Wednesday, October 6, 2010

My brother, Tony, through my childhood eyes
Tony is nine years older than I, my oldest sibling. As a boy, I idolized him completely. It wasn’t one thing in particular about him that I idolized, it was just his way of being in the world: energetic, confident, attractive, imaginative and spectacular in both success and failure. There’s a lot that I didn’t know about Tony’s life when I was young, a lot about his struggles that I didn’t really discover, let alone understand, until much later.

When Tony graduated high school, I was not quite nine years old. After one year of college (where he studied agronomy, trying to nourish into reality a long held dream of being a farmer), he moved out of my parents house and embarked on the first in a series of jobs in construction. At this point, the daily reality of him begins to fade from my memory, yielding to a simple, vague image of Tony as the embodiment of misunderstood strength, a strength that masked a tenderness and sensitivity that I fantasized he only revealed to me, his baby brother.

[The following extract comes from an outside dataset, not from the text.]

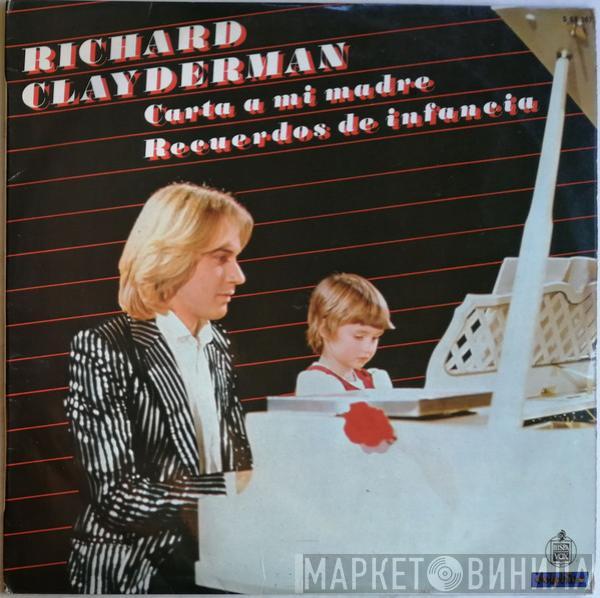 Richard Clayderman - Carta A Mi Madre / Recuerdos De Infancia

He called me “Bean.”

But the concrete focal point of my admiration had already been established years before. Tony was a naturally gifted athlete with a special gift for basketball. He played ball as he lived: with an intensity that veered into recklessness, with intelligence, and with grace. He was also played out of position. An even 6 feet tall, with great quickness, strength and leaping ability, not to mention a fine jump shot and good ballhandling skills, he ought to have played guard. But on his high school team, he played center. He excelled, and maybe enjoyed himself. I don’t know. But I’ve often imagined that playing center confined the expression of his skill and athleticism and that somehow that stands for other hard luck constraints he would face in life. But I didn’t know any of that then. I just remember that on Friday or Saturday nights my parents would take me to his games and then for the rest of the weekend I would replay those games by myself in the driveway.



Me, in the driveway
I wasn’t in the driveway trying to do the particular things that I’d seen Tony do, nor was I practicing the things that he had shown me that I might want to learn first. I was just playing basketball by myself. Dribbling that perfectly beautiful orange rubber ball with the mysterious lines whose pattern I could never quite grasp around the driveway and then trying to heave it through the hoop. Just playing basketball. The patch of grass around the basketball pole grew bare so that when it rained mud puddles formed. My dad (or one of my brothers – I don’t remember which) put a couple of small pieces of scrap plywood there so that I could use that space without the ball thudding in a puddle, dead. Someone – I was so ignorant of the many little things that the grown-ups did to make my life easier -- also rigged a couple of extra workshop lights to the gutter of the garage to illuminate the driveway so that I could play after dark. In the winter, we shoveled away the snow, put salt on the patches of ice, and wore gloves. Year round, I played nearly every day.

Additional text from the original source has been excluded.